[[ Records to use, beginning ]]

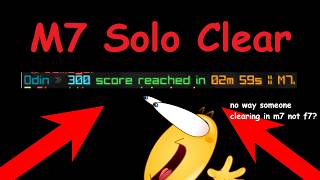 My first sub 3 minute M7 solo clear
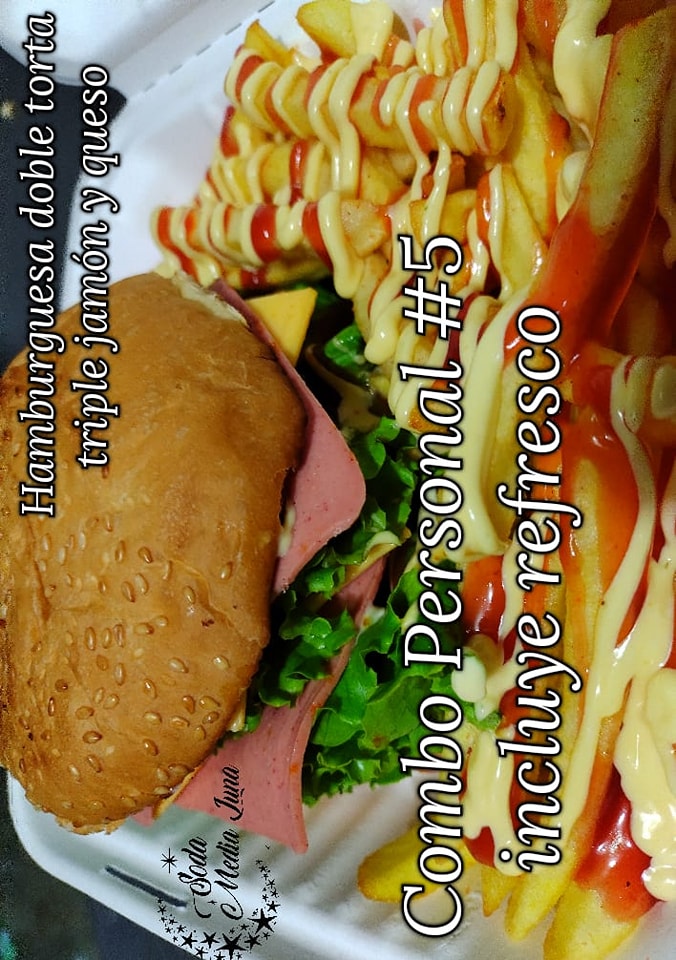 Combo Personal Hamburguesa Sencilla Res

[[ Records to use, end ]]
[[ Records to use, beginning ]]

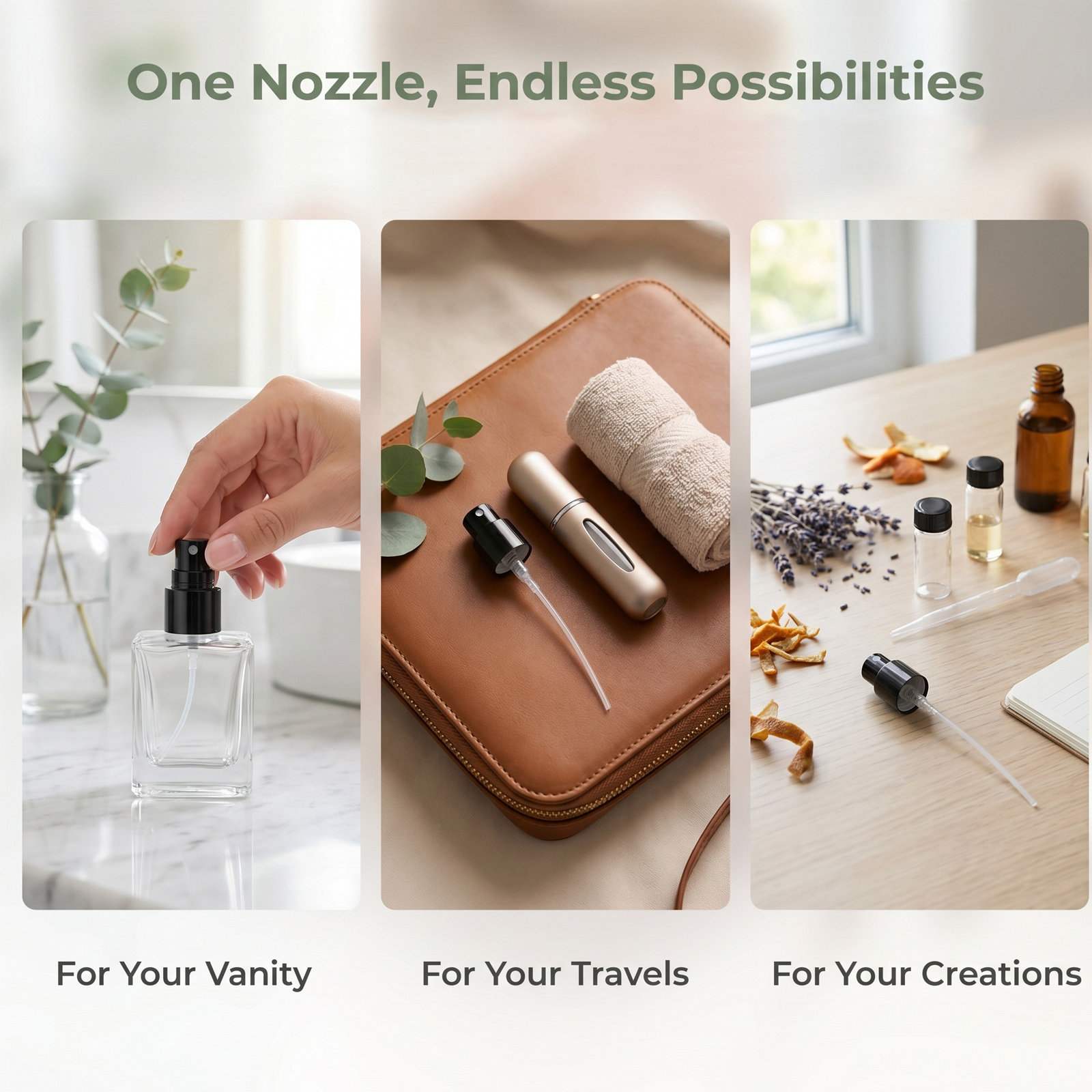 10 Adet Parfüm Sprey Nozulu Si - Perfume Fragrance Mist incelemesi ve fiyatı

[[ Records to use, end ]]

# Problem to solve
Would you copy, word for word, only the lines above from the one containing "My first sub 3 minute M7 solo clear" through the one containing "Combo Personal Hamburguesa Sencilla Res", both included, and please leave out the pictures?

# Final answer
 My first sub 3 minute M7 solo clear
 Combo Personal Hamburguesa Sencilla Res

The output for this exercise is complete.